Perdidos en La Mancha
En
un lugar de Minnesota, de cuyo nombre no puedo acordarme, no ha mucho tiempo
que nacía el cineasta Terry Gilliam. Se daba a recorrer en automóvil las calles
de Los Ángeles en el sesenta y siete, y era detenido por la policía todas las
noches, la cual llevaba a cabo requisas mientras lo sujetaban contra la pared.
Gilliam, en su veintena, era un mad man
–es decir, un hombre de publicidad, mucho más cercano al jipismo que al
agnosticismo de un Don Draper– y le cuenta al escritor Salman Rushdie, como
parte del Festival de Cine de Telluride (2002) que ese mismo año abandonó la
revista Help, donde trabajaba como
caricaturista con Robert Crumb, para irse a Europa.
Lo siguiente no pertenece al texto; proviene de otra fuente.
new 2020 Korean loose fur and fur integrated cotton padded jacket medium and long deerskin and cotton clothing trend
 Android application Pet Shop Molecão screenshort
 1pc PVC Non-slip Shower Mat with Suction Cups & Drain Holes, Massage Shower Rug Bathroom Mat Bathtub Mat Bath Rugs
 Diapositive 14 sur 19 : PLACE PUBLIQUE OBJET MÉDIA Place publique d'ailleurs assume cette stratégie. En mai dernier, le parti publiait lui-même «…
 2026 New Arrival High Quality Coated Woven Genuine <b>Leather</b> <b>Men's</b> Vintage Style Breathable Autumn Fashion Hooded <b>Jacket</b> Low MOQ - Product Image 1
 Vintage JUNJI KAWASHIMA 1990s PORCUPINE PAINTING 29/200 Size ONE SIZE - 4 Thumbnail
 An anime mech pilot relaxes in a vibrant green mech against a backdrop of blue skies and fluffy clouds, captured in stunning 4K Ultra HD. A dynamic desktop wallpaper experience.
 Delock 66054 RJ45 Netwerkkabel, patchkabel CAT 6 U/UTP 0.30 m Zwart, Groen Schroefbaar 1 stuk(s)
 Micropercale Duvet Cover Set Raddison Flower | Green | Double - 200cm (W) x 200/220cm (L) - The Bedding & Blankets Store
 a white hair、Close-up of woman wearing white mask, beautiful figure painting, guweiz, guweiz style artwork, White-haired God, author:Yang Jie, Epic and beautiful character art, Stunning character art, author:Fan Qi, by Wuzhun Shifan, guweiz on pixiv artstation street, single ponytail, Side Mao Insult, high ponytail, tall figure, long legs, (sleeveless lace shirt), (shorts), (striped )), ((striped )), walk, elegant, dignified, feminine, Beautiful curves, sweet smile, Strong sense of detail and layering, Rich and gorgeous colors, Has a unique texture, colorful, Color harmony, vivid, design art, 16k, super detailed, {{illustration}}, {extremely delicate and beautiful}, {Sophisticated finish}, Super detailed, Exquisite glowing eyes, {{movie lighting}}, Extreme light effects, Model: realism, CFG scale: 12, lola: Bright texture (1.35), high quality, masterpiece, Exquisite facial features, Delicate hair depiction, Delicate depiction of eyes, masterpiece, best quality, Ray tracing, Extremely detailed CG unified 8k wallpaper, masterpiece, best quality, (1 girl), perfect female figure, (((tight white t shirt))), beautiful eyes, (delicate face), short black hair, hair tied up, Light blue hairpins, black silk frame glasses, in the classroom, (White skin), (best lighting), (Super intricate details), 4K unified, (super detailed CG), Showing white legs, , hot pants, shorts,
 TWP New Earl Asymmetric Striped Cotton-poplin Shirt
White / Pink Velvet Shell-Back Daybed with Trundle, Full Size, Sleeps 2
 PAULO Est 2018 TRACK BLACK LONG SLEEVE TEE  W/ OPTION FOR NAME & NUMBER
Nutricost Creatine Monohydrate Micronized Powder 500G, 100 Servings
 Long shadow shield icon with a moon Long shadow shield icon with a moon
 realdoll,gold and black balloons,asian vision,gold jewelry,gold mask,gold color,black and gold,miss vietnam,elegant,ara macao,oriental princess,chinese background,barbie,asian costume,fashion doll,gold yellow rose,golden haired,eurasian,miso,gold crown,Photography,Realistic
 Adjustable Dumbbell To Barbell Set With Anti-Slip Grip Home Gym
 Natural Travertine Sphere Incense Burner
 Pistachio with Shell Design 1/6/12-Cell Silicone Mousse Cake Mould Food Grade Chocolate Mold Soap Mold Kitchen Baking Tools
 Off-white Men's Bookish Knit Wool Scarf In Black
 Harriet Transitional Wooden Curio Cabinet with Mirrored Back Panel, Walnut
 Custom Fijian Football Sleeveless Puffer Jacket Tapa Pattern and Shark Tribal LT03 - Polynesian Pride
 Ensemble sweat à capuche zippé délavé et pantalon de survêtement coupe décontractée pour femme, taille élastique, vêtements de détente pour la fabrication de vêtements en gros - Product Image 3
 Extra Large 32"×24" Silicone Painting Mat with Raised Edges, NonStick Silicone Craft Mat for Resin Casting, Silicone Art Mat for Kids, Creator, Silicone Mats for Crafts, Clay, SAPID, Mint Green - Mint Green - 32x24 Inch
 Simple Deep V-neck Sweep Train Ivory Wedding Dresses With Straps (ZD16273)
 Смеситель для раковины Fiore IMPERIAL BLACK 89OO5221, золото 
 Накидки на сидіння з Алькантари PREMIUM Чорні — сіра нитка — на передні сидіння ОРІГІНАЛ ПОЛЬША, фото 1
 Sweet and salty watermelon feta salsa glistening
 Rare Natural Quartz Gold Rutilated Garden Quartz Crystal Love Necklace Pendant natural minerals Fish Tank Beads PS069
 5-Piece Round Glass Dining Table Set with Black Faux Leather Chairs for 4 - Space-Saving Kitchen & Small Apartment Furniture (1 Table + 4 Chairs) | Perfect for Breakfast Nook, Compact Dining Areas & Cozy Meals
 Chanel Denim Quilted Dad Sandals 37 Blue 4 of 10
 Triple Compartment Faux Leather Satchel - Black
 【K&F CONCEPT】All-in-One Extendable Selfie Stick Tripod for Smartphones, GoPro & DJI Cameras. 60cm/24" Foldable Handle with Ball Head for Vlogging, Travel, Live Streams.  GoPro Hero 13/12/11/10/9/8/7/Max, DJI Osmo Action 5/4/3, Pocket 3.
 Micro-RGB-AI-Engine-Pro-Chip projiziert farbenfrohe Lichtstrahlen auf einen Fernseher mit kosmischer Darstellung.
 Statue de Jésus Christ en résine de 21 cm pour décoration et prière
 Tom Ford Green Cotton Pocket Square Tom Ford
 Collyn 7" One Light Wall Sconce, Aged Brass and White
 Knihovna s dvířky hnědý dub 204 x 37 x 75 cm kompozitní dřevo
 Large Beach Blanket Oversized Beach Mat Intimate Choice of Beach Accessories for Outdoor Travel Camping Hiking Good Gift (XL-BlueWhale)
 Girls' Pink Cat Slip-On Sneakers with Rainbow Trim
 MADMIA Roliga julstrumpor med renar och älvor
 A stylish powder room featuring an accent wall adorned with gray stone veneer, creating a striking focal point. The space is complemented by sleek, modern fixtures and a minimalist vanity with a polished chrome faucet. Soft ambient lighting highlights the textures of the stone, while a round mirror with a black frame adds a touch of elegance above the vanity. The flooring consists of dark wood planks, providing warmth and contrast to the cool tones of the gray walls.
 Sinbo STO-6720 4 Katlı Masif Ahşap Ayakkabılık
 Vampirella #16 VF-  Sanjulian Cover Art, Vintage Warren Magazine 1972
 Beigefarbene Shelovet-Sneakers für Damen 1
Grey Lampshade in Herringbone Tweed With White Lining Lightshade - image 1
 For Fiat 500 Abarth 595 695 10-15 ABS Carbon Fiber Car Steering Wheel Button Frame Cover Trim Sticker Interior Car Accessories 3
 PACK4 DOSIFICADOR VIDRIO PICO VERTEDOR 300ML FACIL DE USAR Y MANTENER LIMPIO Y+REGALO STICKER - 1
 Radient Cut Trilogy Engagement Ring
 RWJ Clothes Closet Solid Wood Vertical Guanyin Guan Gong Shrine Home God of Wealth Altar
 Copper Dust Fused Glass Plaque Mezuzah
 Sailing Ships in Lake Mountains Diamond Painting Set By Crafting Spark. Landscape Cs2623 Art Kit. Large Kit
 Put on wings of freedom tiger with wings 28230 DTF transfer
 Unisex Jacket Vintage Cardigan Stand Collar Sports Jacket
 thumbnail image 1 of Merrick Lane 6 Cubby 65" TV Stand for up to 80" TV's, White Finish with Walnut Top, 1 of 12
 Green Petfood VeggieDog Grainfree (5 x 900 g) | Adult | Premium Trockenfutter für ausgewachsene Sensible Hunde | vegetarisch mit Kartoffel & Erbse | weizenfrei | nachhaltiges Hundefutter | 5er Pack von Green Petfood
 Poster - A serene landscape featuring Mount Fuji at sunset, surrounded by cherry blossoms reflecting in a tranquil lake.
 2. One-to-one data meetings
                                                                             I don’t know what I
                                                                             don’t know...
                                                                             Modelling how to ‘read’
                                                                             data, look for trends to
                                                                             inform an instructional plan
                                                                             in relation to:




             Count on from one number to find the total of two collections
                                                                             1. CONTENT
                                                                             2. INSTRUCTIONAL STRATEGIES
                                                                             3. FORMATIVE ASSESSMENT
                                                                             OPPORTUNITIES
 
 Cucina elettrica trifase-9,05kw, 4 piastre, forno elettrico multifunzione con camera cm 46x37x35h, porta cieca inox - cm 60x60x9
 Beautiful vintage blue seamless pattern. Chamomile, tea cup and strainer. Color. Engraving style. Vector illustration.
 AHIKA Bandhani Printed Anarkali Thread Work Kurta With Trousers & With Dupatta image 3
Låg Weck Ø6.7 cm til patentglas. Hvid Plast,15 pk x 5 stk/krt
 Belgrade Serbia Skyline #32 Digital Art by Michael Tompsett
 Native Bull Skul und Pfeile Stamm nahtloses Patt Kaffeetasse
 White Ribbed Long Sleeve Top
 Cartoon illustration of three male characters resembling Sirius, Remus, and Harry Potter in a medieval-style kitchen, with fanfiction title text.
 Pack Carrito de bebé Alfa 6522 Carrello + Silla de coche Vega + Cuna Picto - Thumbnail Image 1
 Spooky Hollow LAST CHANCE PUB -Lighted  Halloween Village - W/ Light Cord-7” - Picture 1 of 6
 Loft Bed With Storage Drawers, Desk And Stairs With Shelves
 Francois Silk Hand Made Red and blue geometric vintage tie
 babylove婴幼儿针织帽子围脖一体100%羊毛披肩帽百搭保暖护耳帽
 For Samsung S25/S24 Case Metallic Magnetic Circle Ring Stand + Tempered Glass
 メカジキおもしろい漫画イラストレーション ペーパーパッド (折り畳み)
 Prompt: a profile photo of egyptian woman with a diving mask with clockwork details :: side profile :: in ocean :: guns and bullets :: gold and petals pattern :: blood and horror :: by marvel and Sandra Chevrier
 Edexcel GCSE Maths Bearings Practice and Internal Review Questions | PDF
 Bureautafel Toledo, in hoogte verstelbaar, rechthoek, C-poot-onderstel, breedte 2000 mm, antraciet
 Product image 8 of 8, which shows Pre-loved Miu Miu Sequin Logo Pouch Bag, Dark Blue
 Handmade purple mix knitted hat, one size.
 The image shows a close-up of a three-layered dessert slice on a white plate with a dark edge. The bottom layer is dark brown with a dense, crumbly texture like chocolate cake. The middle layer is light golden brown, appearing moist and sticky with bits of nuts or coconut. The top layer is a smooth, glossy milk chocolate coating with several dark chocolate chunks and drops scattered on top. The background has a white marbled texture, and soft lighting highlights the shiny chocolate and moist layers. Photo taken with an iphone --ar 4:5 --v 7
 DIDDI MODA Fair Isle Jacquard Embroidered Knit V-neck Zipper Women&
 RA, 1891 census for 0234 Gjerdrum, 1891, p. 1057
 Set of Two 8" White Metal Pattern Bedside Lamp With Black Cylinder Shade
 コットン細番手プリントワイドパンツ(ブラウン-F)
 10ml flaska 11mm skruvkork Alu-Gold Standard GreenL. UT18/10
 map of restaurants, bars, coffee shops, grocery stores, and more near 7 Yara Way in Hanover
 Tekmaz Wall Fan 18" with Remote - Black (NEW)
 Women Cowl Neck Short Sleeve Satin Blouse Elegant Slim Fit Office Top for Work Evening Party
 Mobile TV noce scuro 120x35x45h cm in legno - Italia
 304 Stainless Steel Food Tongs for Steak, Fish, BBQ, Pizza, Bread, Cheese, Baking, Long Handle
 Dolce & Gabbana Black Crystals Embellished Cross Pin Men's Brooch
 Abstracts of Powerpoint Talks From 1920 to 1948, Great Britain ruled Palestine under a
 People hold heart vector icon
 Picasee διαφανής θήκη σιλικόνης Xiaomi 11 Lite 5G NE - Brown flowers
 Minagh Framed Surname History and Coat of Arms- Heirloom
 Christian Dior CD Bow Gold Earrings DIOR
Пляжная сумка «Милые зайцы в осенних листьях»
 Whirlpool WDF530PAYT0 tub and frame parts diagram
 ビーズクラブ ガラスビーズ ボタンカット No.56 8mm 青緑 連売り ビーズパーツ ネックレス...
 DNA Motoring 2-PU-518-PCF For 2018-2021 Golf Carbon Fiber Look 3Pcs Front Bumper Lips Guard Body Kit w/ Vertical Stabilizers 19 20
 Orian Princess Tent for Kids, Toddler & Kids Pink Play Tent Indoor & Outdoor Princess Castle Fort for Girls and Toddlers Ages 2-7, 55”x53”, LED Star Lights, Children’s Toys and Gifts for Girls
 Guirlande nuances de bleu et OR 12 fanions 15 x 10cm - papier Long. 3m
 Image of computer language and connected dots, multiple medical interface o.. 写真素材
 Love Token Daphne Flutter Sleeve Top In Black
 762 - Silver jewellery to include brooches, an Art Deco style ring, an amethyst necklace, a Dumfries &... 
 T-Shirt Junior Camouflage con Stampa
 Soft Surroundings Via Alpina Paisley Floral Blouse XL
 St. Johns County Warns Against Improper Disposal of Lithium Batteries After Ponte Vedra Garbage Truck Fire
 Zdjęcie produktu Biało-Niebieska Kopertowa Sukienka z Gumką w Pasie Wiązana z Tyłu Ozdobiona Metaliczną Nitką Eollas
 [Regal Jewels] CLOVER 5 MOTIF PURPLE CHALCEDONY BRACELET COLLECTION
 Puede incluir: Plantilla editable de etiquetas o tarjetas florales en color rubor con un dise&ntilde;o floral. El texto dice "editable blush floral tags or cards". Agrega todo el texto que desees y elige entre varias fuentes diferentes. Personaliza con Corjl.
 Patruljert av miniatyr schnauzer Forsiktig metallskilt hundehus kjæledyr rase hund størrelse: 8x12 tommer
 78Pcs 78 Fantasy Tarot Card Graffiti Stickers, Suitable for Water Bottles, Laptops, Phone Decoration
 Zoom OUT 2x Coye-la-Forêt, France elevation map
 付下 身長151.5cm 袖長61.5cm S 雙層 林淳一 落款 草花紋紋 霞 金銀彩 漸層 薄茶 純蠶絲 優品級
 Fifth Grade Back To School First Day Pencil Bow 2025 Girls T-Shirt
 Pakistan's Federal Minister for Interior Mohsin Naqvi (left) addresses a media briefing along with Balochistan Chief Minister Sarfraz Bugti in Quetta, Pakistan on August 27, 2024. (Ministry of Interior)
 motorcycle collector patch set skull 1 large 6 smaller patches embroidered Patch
Permaneció en Inglaterra y formó
parte de los Monty Python. Gilliam se convirtió en uno de los cineastas más
particulares en temáticas y estéticas desde la segunda mitad del siglo pasado. También
en uno de los más accidentados.
Hablar
de la obra de Gilliam es incluir la que pudo haber sido, como si de Bartleby se
tratase. Historia de dos ciudades,
basada en Dickens; Watchmen, de Alan
Moore, y Harry Potter y la piedra
filosofal, de J.K. Rowling, estas últimas adaptaciones que tuvieron a
Gilliam de director en un principio y terminaron en otras manos; y la más
famosa El hombre que mató a Don Quijote,
cuya realización se le ha resistido al director de 12 monos desde 1999. En el documental Perdidos en La Mancha (2002), los estudiantes de cine Louis Pepe y
Keith Fulton, quienes ya habían llevado registro de rodajes anteriores de
Gilliam, dejan ver el viaje quijotesco de Gilliam y su equipo en uno de los
rodajes truncos más difíciles de los que se tiene registro (entre ellos el de Apocalipsis ahora, al que Francis
Coppola se refirió no como uno “que habla de Vietnam, sino que es Vietnam”, o el de la rusa Stalker de Andréi Tarkovski, donde la
cercanía con Chernóbil los situó próximos a los desperdicios tóxicos en el
lugar de filmación y tres miembros del equipo murieron extrañamente poco
después, todos de las mismas causas, incluyendo el propio Tarkovski).
II
Cuenta
El hombre que mató a Don Quijote la
historia de un ejecutivo de publicidad (interpretado por Johnny Depp) que salta
en el tiempo entre Londres del siglo XXI y La Mancha del siglo XVII, donde Don
Quijote (interpretado por Jean Rochefort) lo confunde con Sancho Panza. En Perdidos en La Mancha vemos cómo se va
dando cada día del rodaje de esta adaptación, y cada día que pasa es una
calamidad tras otra: desde filmar al lado de un campo militar y el ruido de
aviones F-16 hace que la grabación de audio sea imposible, pasando por una
catástrofe natural, hasta el diagnóstico de hernia discal doble para el actor
Jean Rochefort, intérprete de Don Quijote, quien tuvo que permanecer de reposo
por meses ¡y olvidarse de andar a caballo!
La
película nunca pudo ser completada a pesar de la ayuda recibida por Gilliam de
los inversionistas quienes, al considerar la tríada Gilliam-Depp-Rochefort un
“elemento crucial” en el contrato, y saber que Rochefort debía ser reemplazado
debido a su salud, se hallaron frente a un conflicto que apenas era uno de
tantos en la lista. Como si Gilliam, al decir en el documental que su película “será
bella y terrible al mismo tiempo”, la hubiese sentenciado: El hombre que mató a Don Quijote no fue completada. Muy cierto lo
que dice Benjamín Fernández, diseñador de producción, sobre el director: “Él es
un poco el Quijote. Es quien ve cosas que los demás humanos no vemos”. Y
funciona tanto para las cosas buenas como para las malas: aunque el proyecto haya
sufrido, ha sido refinanciado por tercera vez –esta vez por el gigante Amazon,
entre otros– para estrenar en 2017.
III
Cuando
la épica y la epopeya se hacen necesarias para la vida de un país, cuando se
cree que se está haciendo la Historia, o cuando se quiere hacer grande la
Patria –y qué insistencia en parecerse al “enemigo”: las ansias imperiales de
los rusos y la tozudez de preservar el legado de aquel ídolo con pies de arepa,
como lo llama Mires, no se diferencian del “Hagamos grande a América de nuevo”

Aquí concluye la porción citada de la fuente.